0, of course, is not a successor. We have now defined all the logic needed to calculate how the Fizzbuzz algorithm should display any number that exists. If we perform a query of the form display(3, A)?, we’ll get back the fact display(3, fizz)., read something like “The displayed form of 3 as fizz.” If we run the query display(A, B)?, we’ll get back results like that for every number that exists in the database.

There’s a problem: the customer wants information about the Fizzbuzz values of a hundred numbers, but our database contains only six. In order to evaluate strange input like the string 100, it has to be entered into the system. This doesn’t really have anything to do with business logic per se, but rather is a data entry problem that we’ll defer to the system consuming our API.

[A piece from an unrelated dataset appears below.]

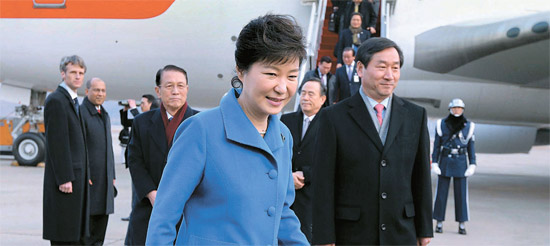 朴大統領が２３日、７泊９日間の海外歴訪を終えた後、ソウル空港に到着した。朴大統領の左側は金淇春秘書室長、右側は劉正福安全行政部長官。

All of the consumers of our system will be represented by a single shell script, which will generate the data that the user requires and format the output, but if this were a real product, this behavior might be spread across multiple client applications.

Analysis

What’s significant about this is that that we have implemented our business rules in a purely declarative way. Everything that is needed to determine whether some input is “fizz” or “buzz” has been written in a way that is unconcerned with computational details like loops, strings, classes, or IEEE 754 floating point representations. If the business should decide to change its rules, we only need to change the code that describes the rules. We won’t need to change the code that describes how the rules are executed because we never wrote any such code in the first place.

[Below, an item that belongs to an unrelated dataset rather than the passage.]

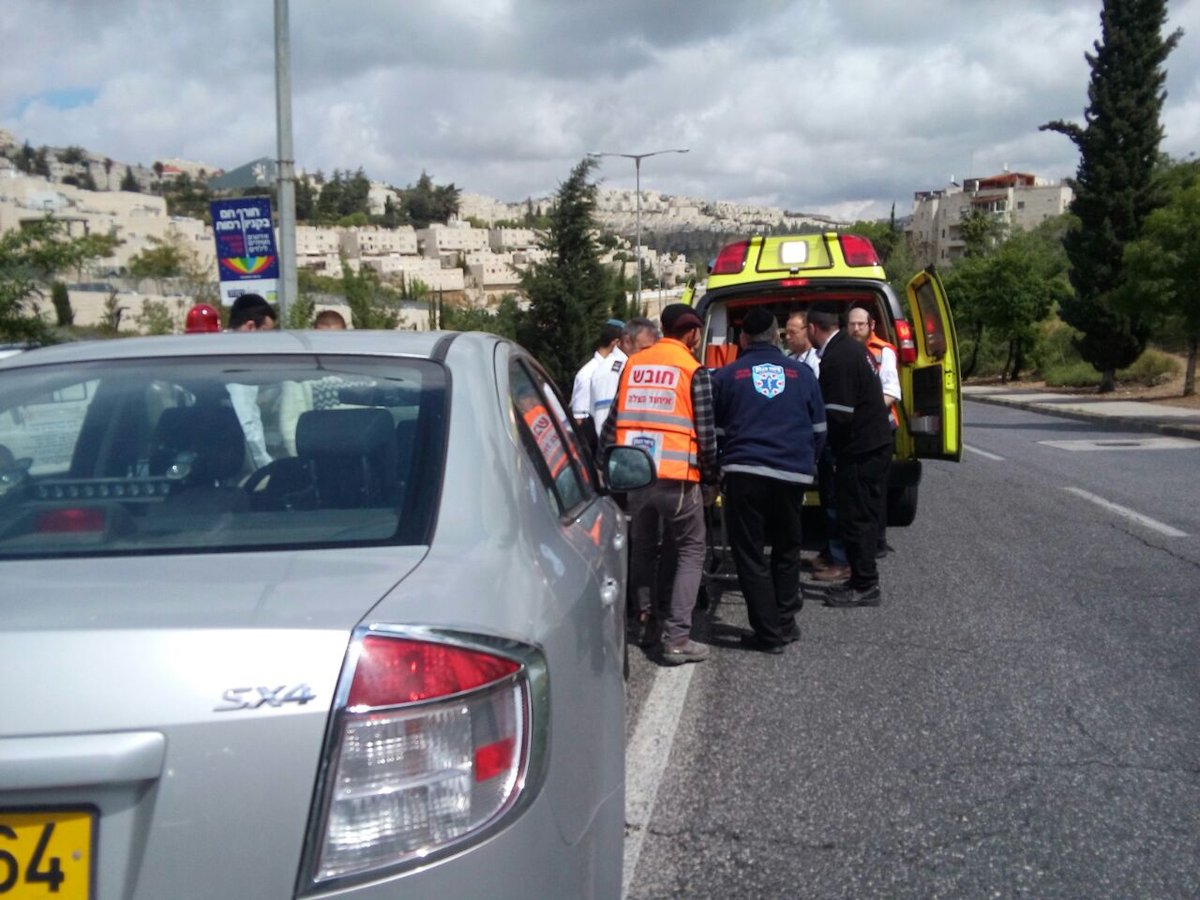 ירושלים: צעיר נפצע בינוני כשחצה שלא במעבר חציה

Datalog is an extreme example of a purely declarative programming language. In declarative programming, the programmer does not directly specify the behavior of the computer, but rather specifies what result is desired, delegating to some other system the process of translating that into a computational strategy. Trivially, any programming language except assembly is to some extent declarative. It can be thought of as one end of a continuum, with imperative programming at the opposite end.

One of the strongest examples of the declarative programming paradigm is in SQL, Structured Query Language. The programmer declares the desired relations and records, but the database engine performs the computations that store and retrieve data. It’s also common even in very imperative languages to implement a declarative API or a declarative domain-specific language, such as the routes.rb file in Ruby on Rails, in which the user declares what routes should exist, or Haskell’s IO monad, which amounts to declaring which I/O operations should be performed. Even humble HTML is declarative, as it exposes no means to specify how to render a tag.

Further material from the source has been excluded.